Впрочем, и о единой русской интерпретации открытия колонны говорить также не приходится. У этого события имелись два прочтения: военное и мирное. Установка колонны могла трактоваться и в самом деле трактовалась как проявление мирных и созидательных намерений российской власти: недаром колонна именовалась памятником не победам Александра I, а ему самому; недаром открыта она была в день тезоименитства покойного царя и, по особому указанию Николая I, увенчана ангелом с лицом Александра. Эта "созидательная" тема активно присутствует в двух развернутых описаниях открытия колонны, созданных по свежим следам: статье Жуковского "Воспоминания о торжестве 30 августа", впервые опубликованной в "Северной пчеле" 8 сентября 1834 года, и уже упоминавшейся брошюре Ивана Бутовского "Об открытии памятника Императору Александру Первому", вышедшей несколькими днями позже (цензурное разрешение 11 сентября). Жуковский видит в появлении колонны знак того, что "дни боевого создания" для России миновали, что для нее наступило "время создания мирного", период "безмятежного приобретения всех сокровищ общежития" и мирных сношений с "породнившейся с нею Европой". В таком же ключе описывает открытие колонны Иван Бутовский:
Счастливое двадцатипятилетие царствования Александра есть настоящая эпоха умственного образования России, устрашавшей дотоле своей наружностью, еще сохранявшей остатки прошедшей грубости.
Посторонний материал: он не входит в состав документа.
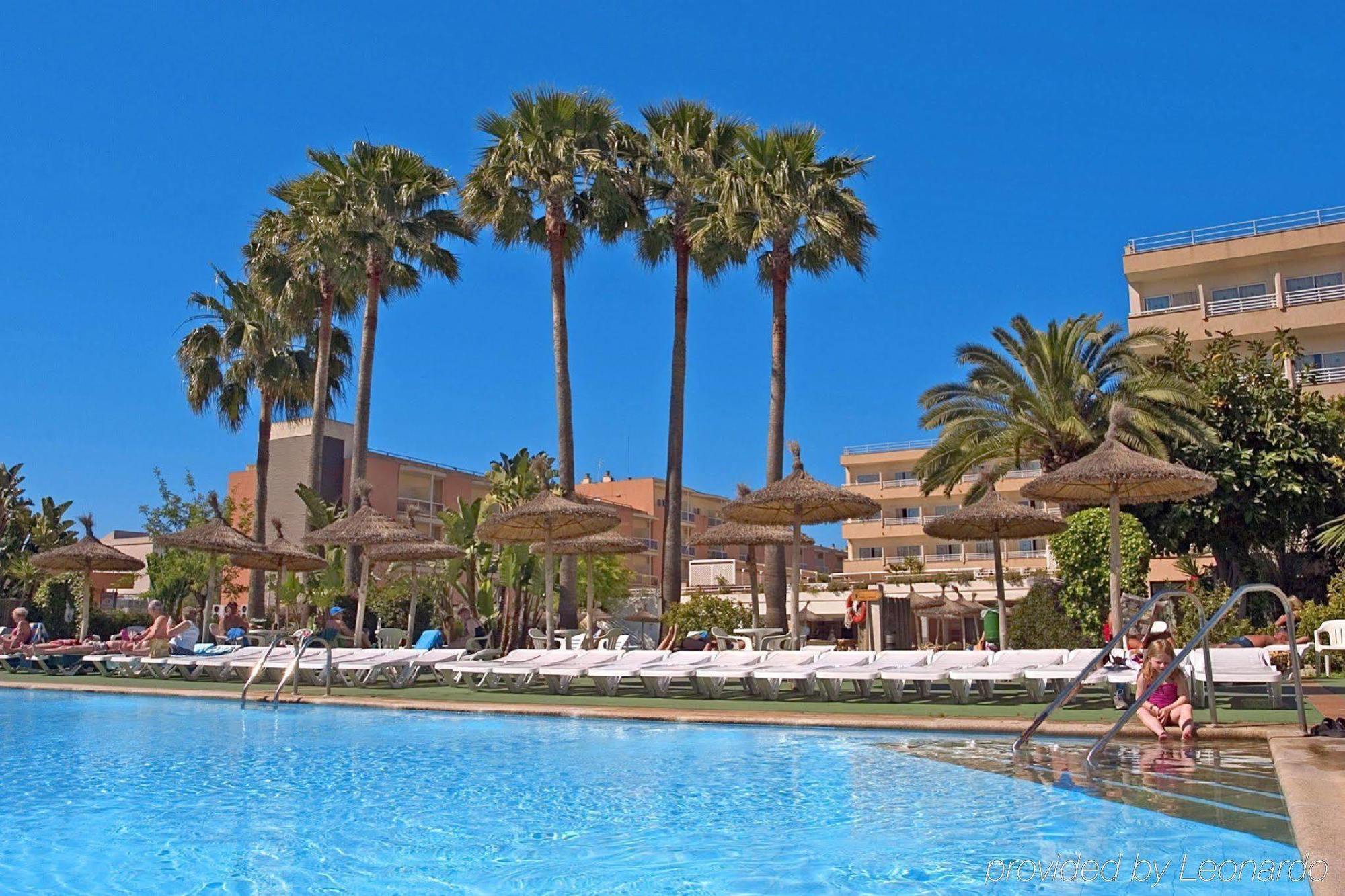 Hotel Globales Pionero Santa Ponsa Exterior foto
В последнюю половину Его царствования иностранцы стыдились уже честить русских варварами, и любимое выражение Наполеона les barbares du Nord (северные варвары) обветшало с отъездом его на остров Святой Елены.
Не случайно Жуковский противопоставляет "стройную колонну" нынешнего царствования "безобразной скале" допетровской России, а Бутовский, говоря о той скале, из которой колонна была вытесана, употребляет образ еще более сильный и неожиданный: "Страшное ребро, отважно оторванное руками россиян из гребня гор гранитной Финляндии, исполински перенесено на раменах России, и 30 августа 1832 года поставлено для удивления мира на площади пред дворцом российских императоров". Именно подобные трактовки дают современному историку Ричарду Уортману основания утверждать, что "колонна была прямым утверждением соответствия России западноевропейским концепциям империи".
Однако наряду с мирным существовало, разумеется, и "военное" прочтение символики петербургской колонны, которая была намеренно сделана чуть выше Вандомской колонны в Париже (памятника победе французов над русскими при Аустерлице), а открыта в 1834 году, ровно через двадцать лет после взятия Парижа, причем на постаменте ее в напоминание о поражениях наполеоновской армии были изображены Неман и Висла.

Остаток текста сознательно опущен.